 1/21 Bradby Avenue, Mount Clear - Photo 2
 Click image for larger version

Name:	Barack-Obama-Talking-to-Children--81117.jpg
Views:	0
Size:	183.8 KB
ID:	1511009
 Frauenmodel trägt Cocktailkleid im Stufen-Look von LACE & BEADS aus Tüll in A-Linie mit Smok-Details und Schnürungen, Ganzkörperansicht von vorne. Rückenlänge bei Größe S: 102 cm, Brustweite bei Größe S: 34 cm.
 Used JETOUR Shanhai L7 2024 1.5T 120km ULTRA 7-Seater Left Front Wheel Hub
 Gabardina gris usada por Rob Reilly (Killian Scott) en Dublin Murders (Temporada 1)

---

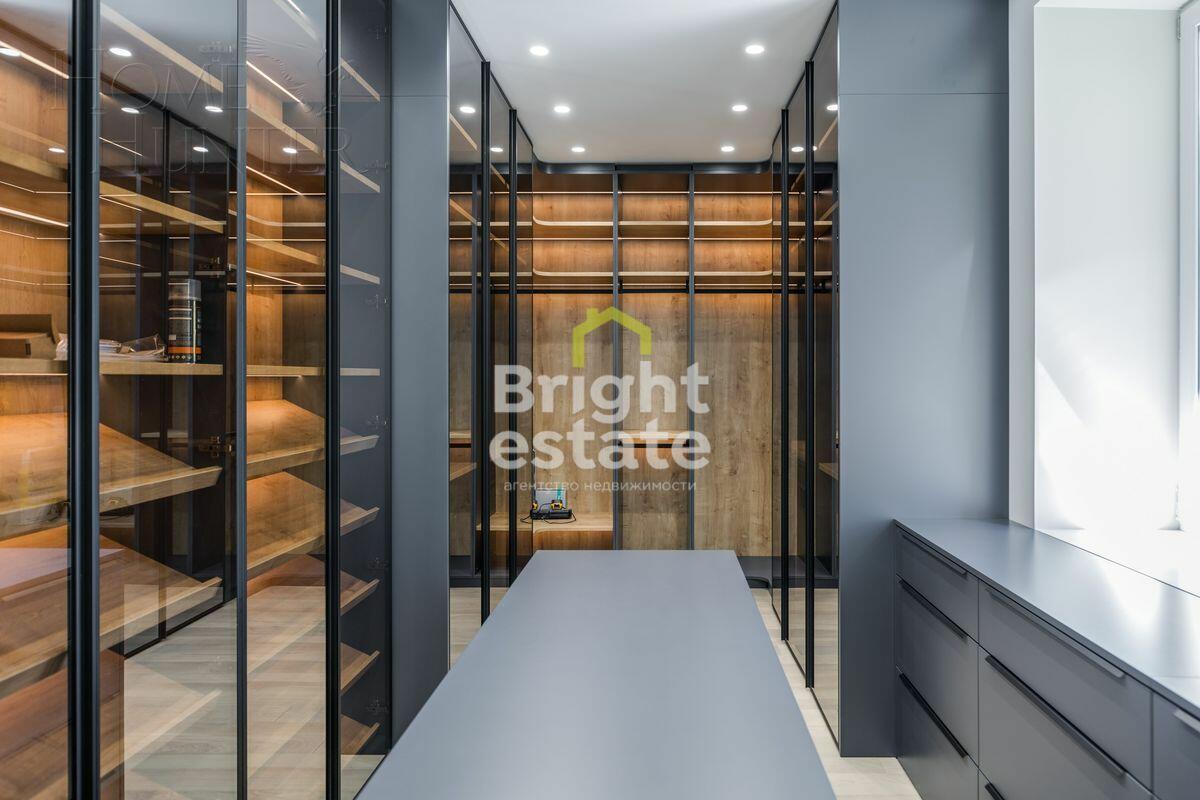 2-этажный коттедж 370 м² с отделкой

---

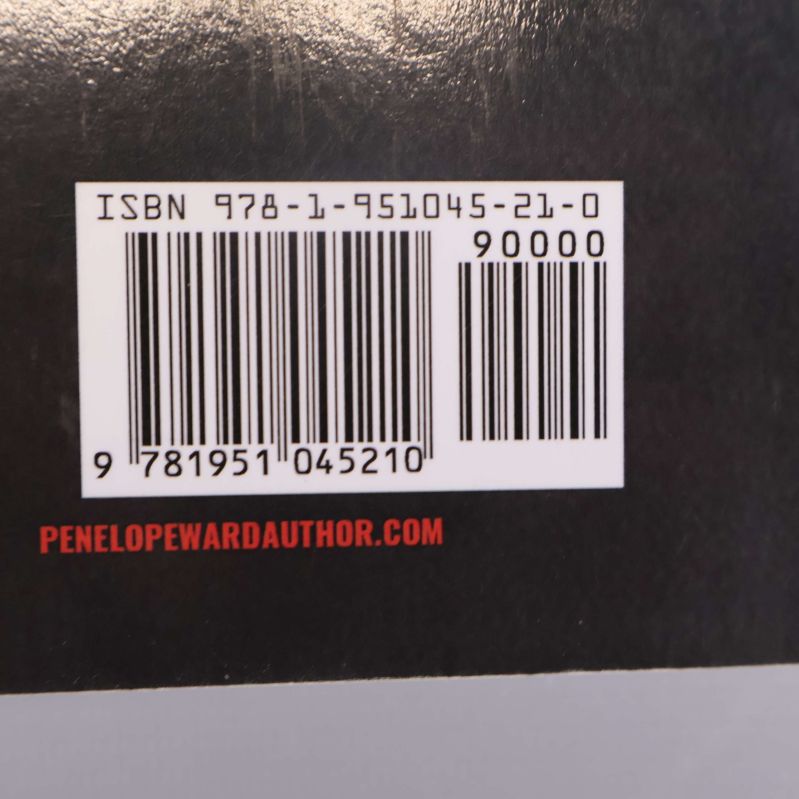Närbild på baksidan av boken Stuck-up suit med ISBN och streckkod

**The problem**.
Both the line containing "Frauenmodel trägt Cocktailkleid" and the line containing "Gabardina gris usada" belong in the answer. Print them and every line above that falls between them exactly, and no others.

**Exercise solution**.
 Frauenmodel trägt Cocktailkleid im Stufen-Look von LACE & BEADS aus Tüll in A-Linie mit Smok-Details und Schnürungen, Ganzkörperansicht von vorne. Rückenlänge bei Größe S: 102 cm, Brustweite bei Größe S: 34 cm.
 Used JETOUR Shanhai L7 2024 1.5T 120km ULTRA 7-Seater Left Front Wheel Hub
 Gabardina gris usada por Rob Reilly (Killian Scott) en Dublin Murders (Temporada 1)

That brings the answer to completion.